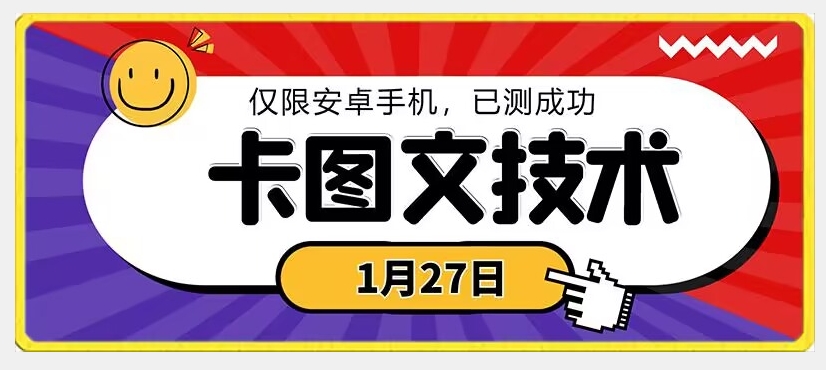 1月27日最新技术，可挂车，挂小程序，挂短剧，安卓手机可用【揭秘】-源创资源网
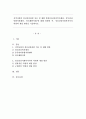 지역사회의 정신건강관련 치료 및 재활현장(정신건강복지센터, 중독관리통합지원센터, 정신재활시설)에 대해 설명한 후, 정신건강사회복지사의 역할과 개입 방안을 기술하시오. 1페이지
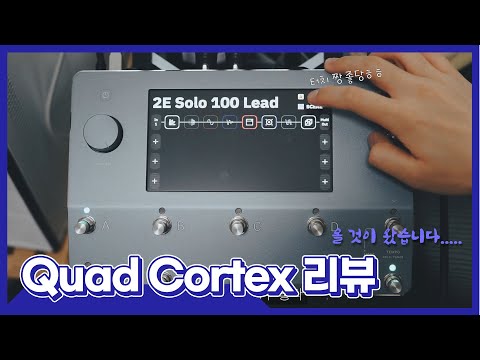 [JungMato] Neural DSP Quad Cortex 뉴럴 DSP Quad Cortex 리뷰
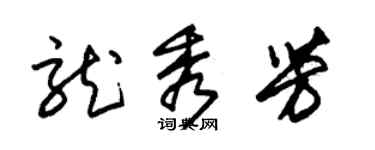 朱錫榮龍秀芳草書個性簽名怎么寫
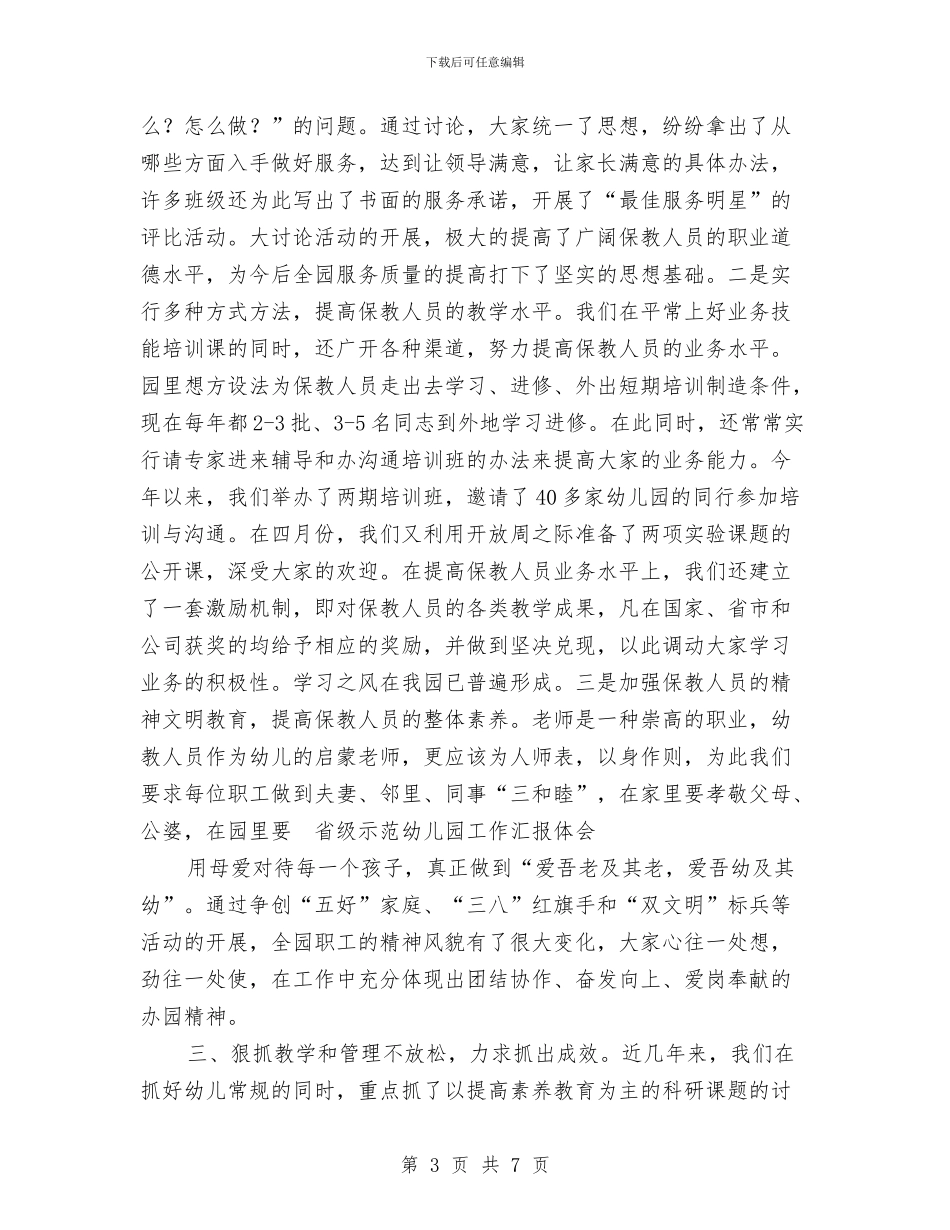 省级示范幼儿园工作汇报体会与省骨干教师培训心得体会汇编_第3页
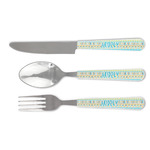 Abstract Teal Stripes Cutlery Set (Personalized)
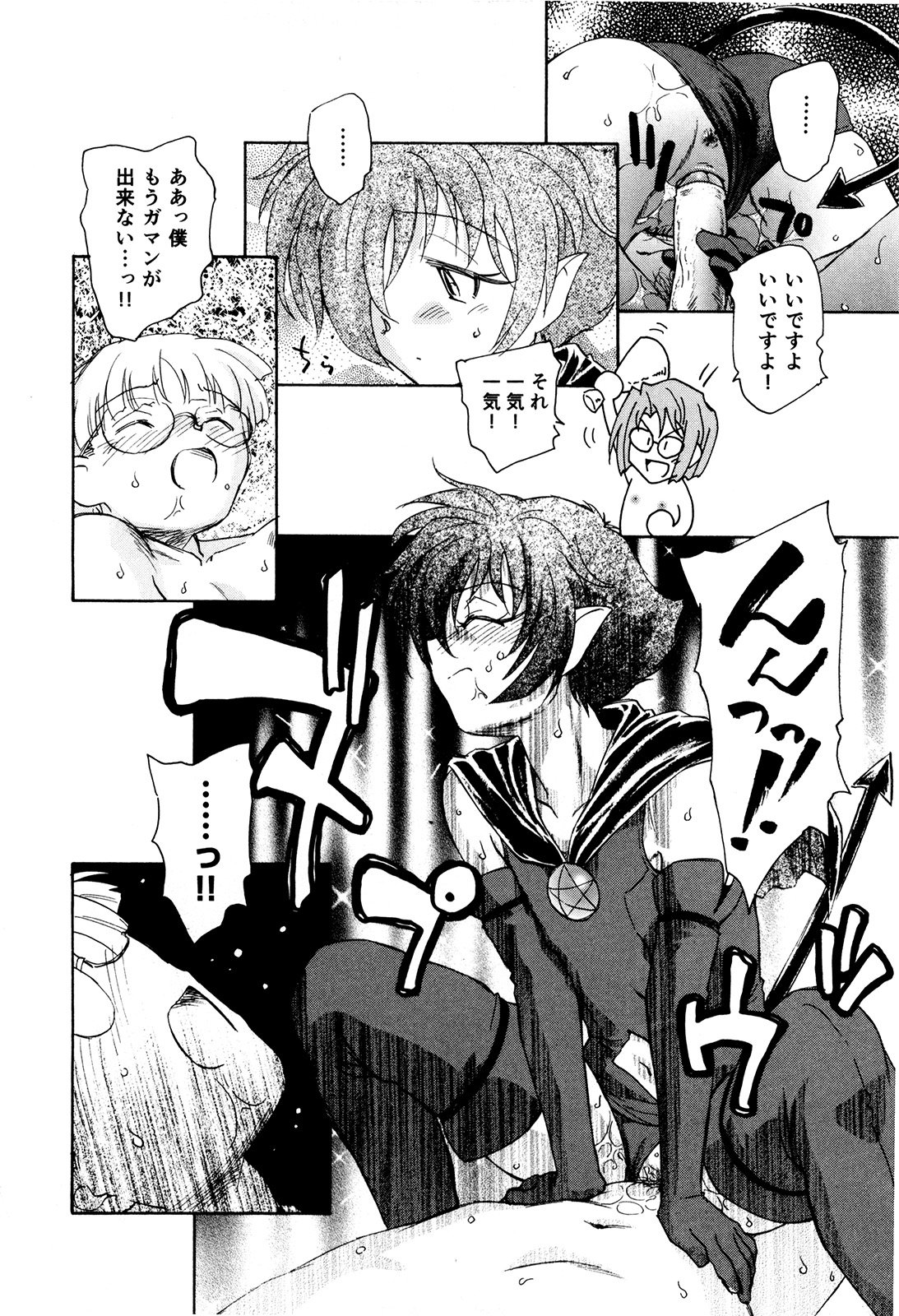 マハ小悪魔のマ＋ 2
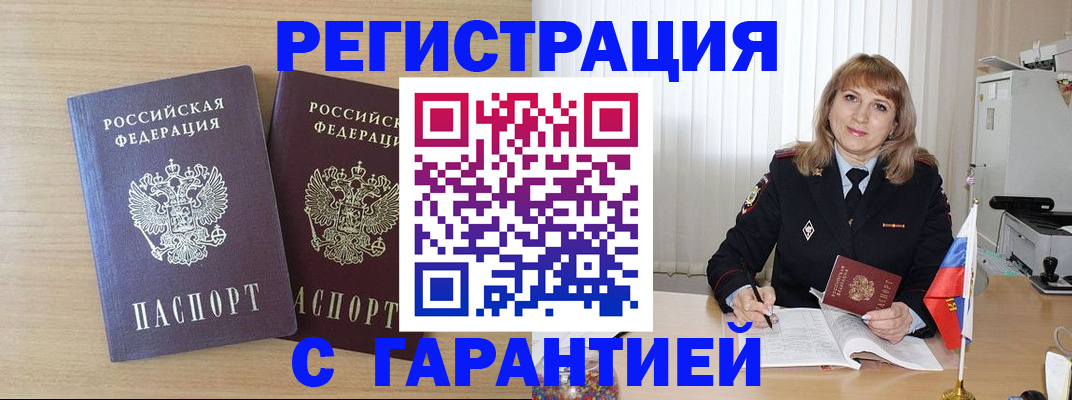 временная регистрация недорого в Оленегорске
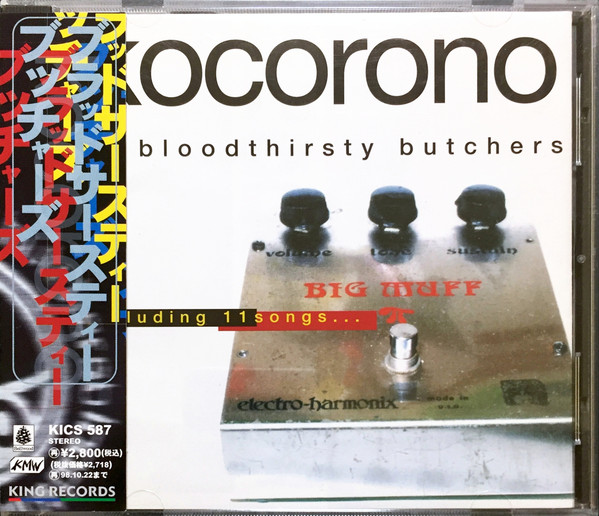 Kocorono cover art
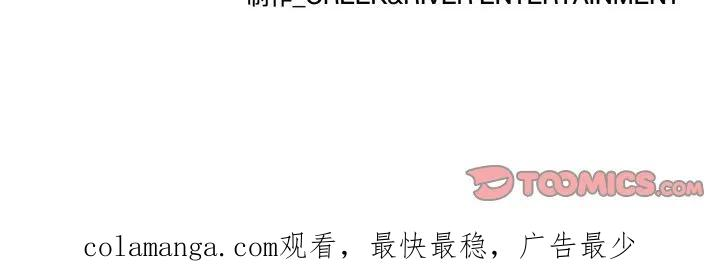 28 第110页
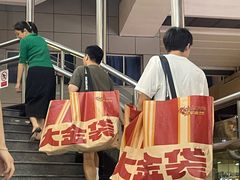 -大芊金重庆串串火锅(南京路店)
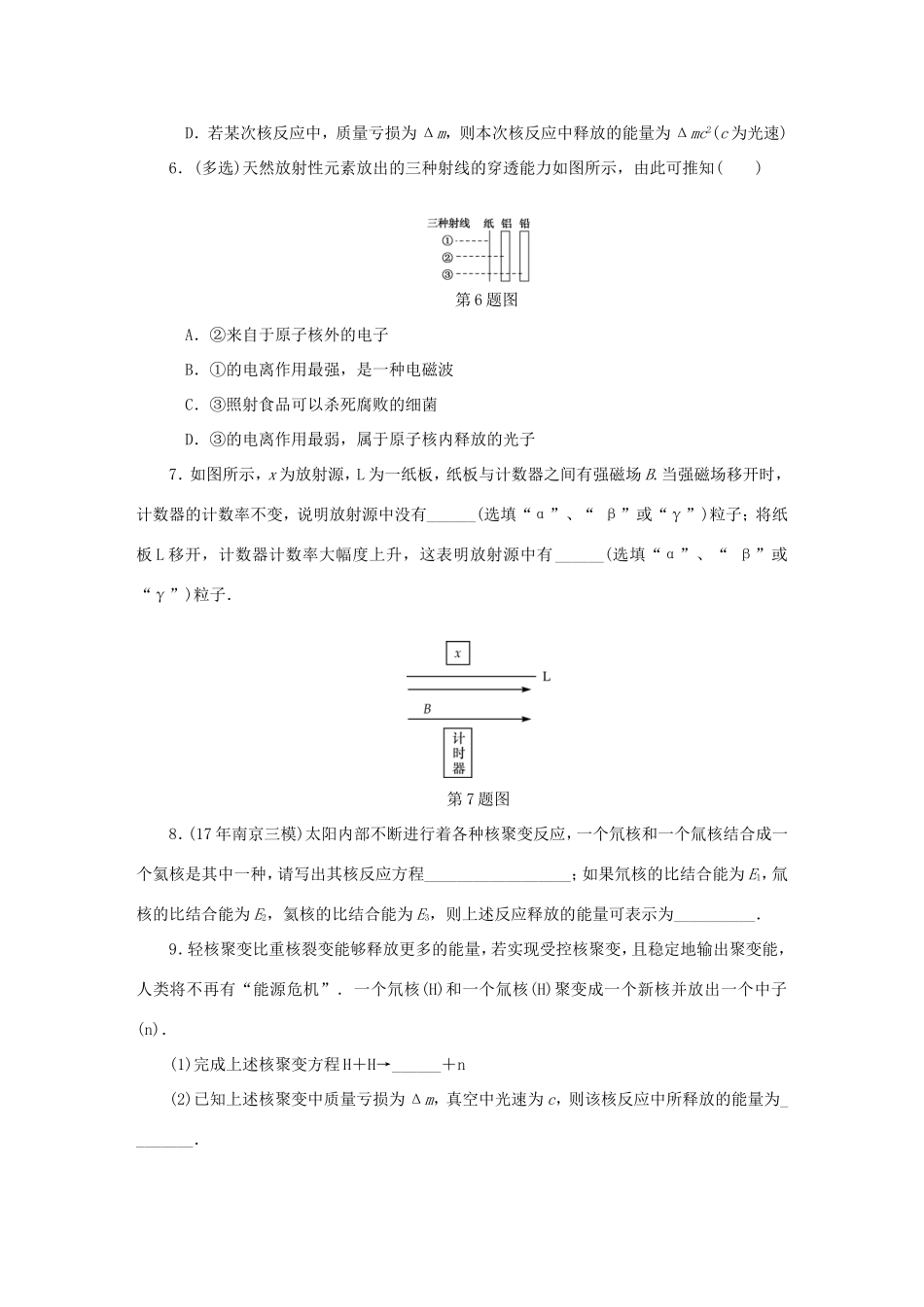 高考物理总复习 课时作业六十四 原子核-人教版高三物理试题_第2页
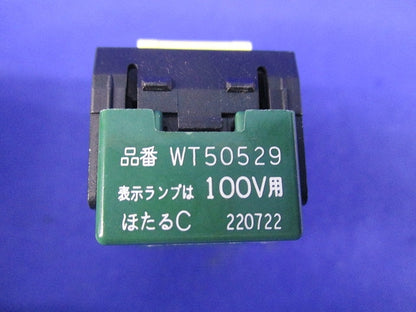 埋込ほたるスイッチC(3個入) WT50529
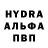 Амфетамин Premium Soin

Instructions for the task
Exclude every picture, then reproduce the remaining data character for character.

Task answer
 1月27日最新技术，可挂车，挂小程序，挂短剧，安卓手机可用【揭秘】-源创资源网
 지역사회의 정신건강관련 치료 및 재활현장(정신건강복지센터, 중독관리통합지원센터, 정신재활시설)에 대해 설명한 후, 정신건강사회복지사의 역할과 개입 방안을 기술하시오. 1페이지
 [JungMato] Neural DSP Quad Cortex 뉴럴 DSP Quad Cortex 리뷰
 朱錫榮龍秀芳草書個性簽名怎么寫
 省级示范幼儿园工作汇报体会与省骨干教师培训心得体会汇编_第3页
 Abstract Teal Stripes Cutlery Set (Personalized)
 マハ小悪魔のマ＋ 2
 временная регистрация недорого в Оленегорске
 Kocorono cover art
 28 第110页
 -大芊金重庆串串火锅(南京路店)
 高考物理总复习 课时作业六十四 原子核-人教版高三物理试题_第2页
 埋込ほたるスイッチC(3個入) WT50529
 Амфетамин Premium Soin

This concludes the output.